Relax, it’s just Halloween. If that’s the worst thing you have to worry about your child doing, I think you’ll be okay.


On 07/30/08 at 7:50 am
Trista said:

I used to joke around that I was my dad’s “son.” My sister was petite and girlie…and I…I got into fights, played sports and wouldn’t be caught dead in a dress until I was practically an adult.
.
I think it made me into the well-rounded woman I am today. A woman who loves watching football ALMOST as much as she loves shoe shopping.


On 07/30/08 at 7:54 am
Karri said:

Football and shoes…now that a real woman makes!


On 07/30/08 at 7:53 pm
Trista said:

It depends on the shoes though, right?
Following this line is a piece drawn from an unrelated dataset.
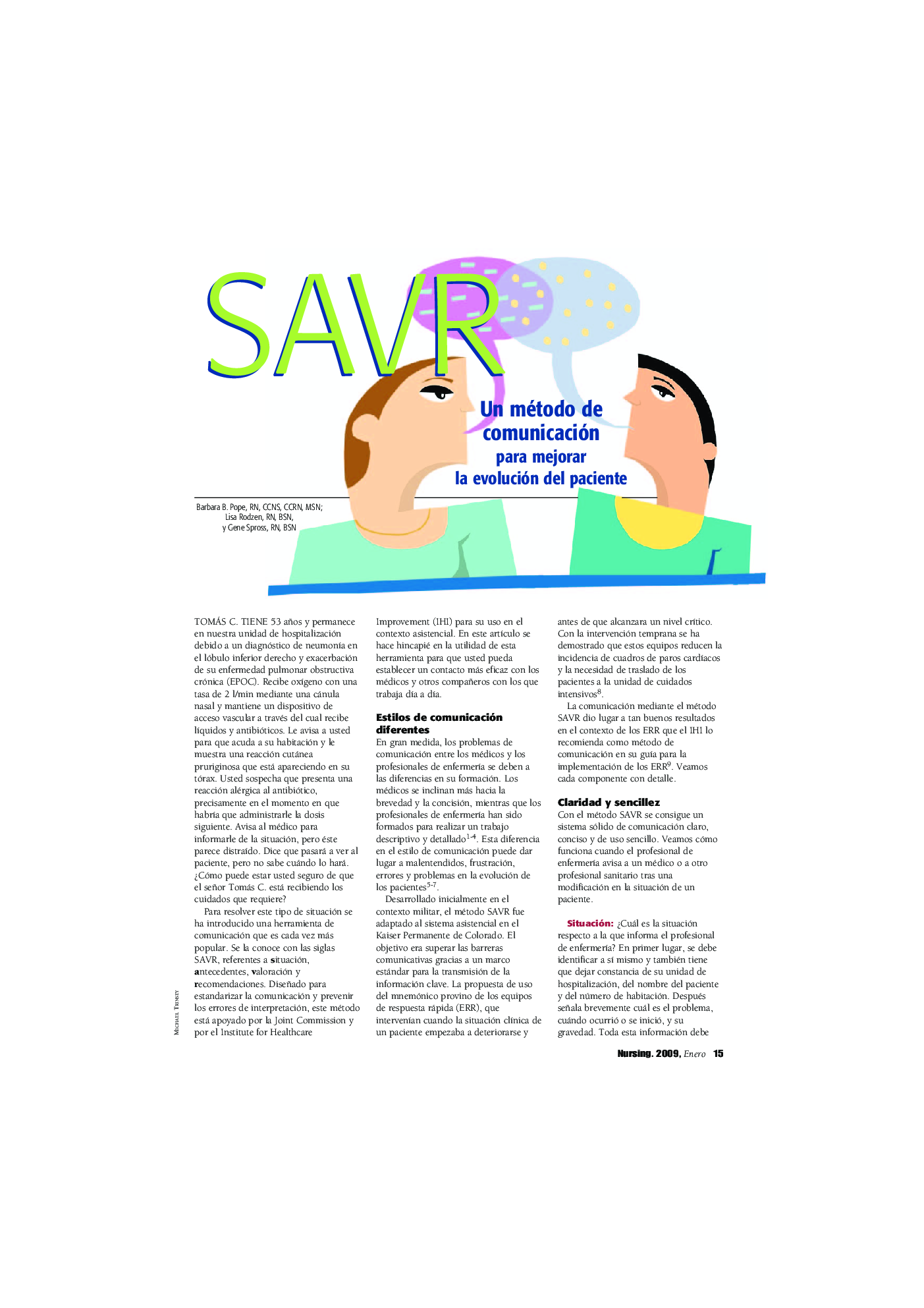 عکس صفحه اول مقاله: SAVR Un método de comunicación para mejorar la evolución del paciente SAVR Un método de comunicación para mejorar la evolución del paciente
Cuz football and crocs…I have some issues with that.

 
 
 
 

On 07/30/08 at 7:36 am
Carol said:

Always love something that makes me remember that I am a kick-ass mom to two amazing, individual, funny, loving and smart as hell kiddos. I can’t even THINK about October. As expected, I tend to agree with your momminess, Miss T.


On 07/30/08 at 7:55 am
Trista said:

Can you believe the commercial pressures of Halloween start beating down on us this early??
.
I’m feeling the mama warm fuzzies today too…love it when I can do a post that makes us feel this way.


On 07/30/08 at 8:47 am
Carol said:

Warm fuzzies are the best way to “Sail away” tomorrow. I don’t know if I will have access with my move, etc, but I want you to know that you will be in my thoughts. I will be sending so much love and light your way that you may just feel it.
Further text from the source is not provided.